Mabel Crudup basked in the May sunshine as she worked in her garden. Grinning, she inhaled the fresh scent of soil mixed with last night’s rain. Days like this were made for going outdoors and getting one’s hands dirty.
Mabel stabbed the tip of her trowel into the ground, digging deep and hoping she’d finally get rid of some troublesome weeds. Instead it hit something hard.
She blinked, pulled the trowel out, and tried again. *Clink.* Again. *Clink.*
Puzzled, Mabel wiped sweat from her brow. She then decided to dig with her hands as well as her gardening tool.
She found a few pebbles, a few earthworms, and a medium-sized metal box.
“What on earth?”
Mabel sank her hands down until they gripped the sides of the box, then pulled. It came free with a jerk, like a decayed tooth during a root canal.
The box was locked.
Mabel tipped it every which way and upside-down. Nothing. She shook it. Something shifted and rattled softly inside.

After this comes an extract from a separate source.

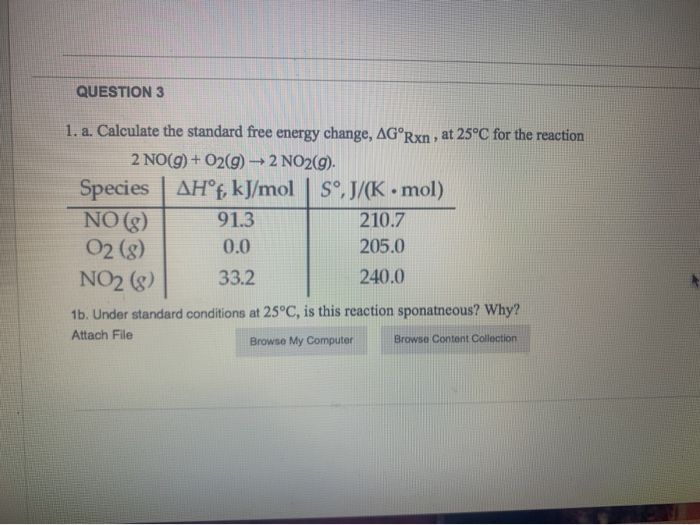 Solved QUESTION 3 1. a. Calculate the standard free energy | Chegg.com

Women like her weren’t supposed to know about picking locks, but Mabel had locked herself out of the house more than once. So she’d watched several YouTube tutorials on how to use a bobby pin, then practiced.
Such practice came in handy when she took the box inside and pried the lock.

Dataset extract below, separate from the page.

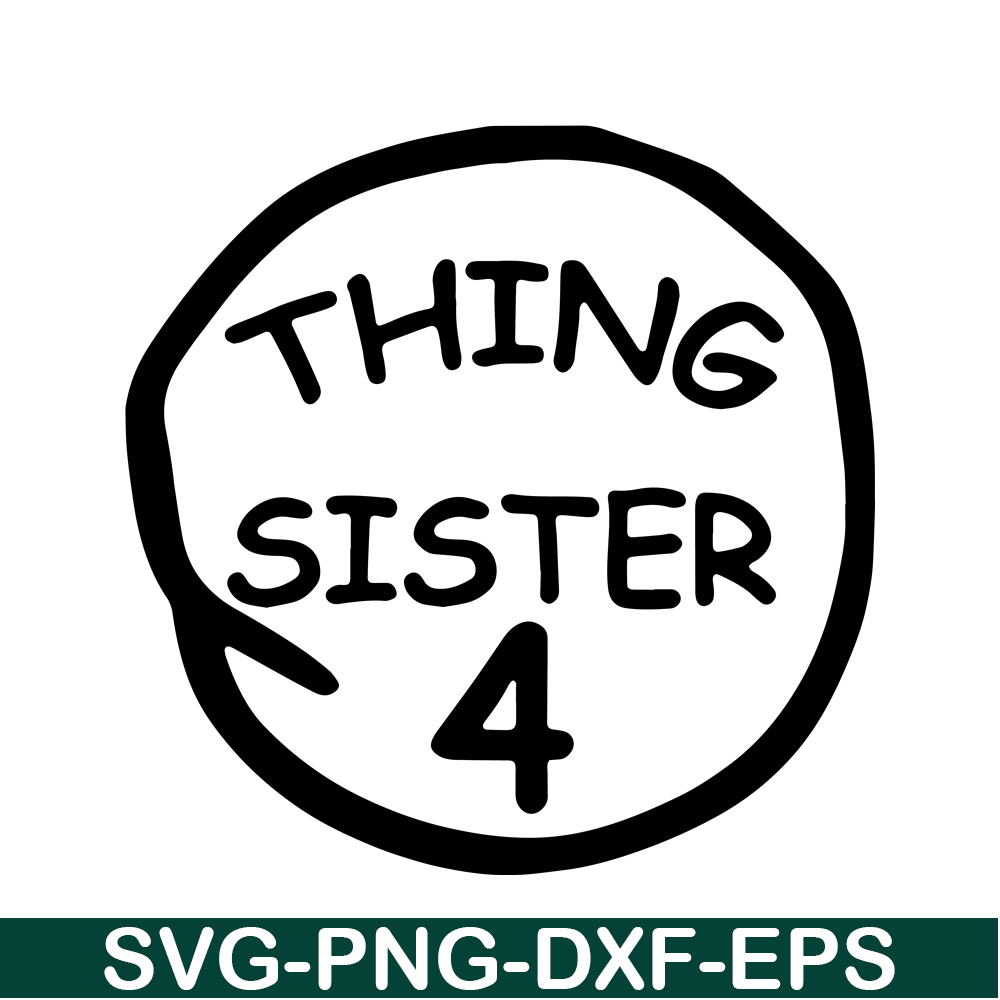 DS104122379-Thing Sister 4 SVG, Dr Seuss SVG, Cat in the Hat SVG DS104122379.png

It clicked open with surprising ease.
“How…?”
The box was old, rusty, and encrusted with dirt even after Mabel wiped it off. It had to have been buried in her garden for years, if not decades.
The photographs inside looked even older.
Black and white, they were, displaying people in nineteenth and early twentieth-century garb. Mabel gaped as she flipped through them, for three reasons.
First, she’d spent enough time at the courthouse studying genealogical records to recognize each person as a member of her own family, a distant ancestor.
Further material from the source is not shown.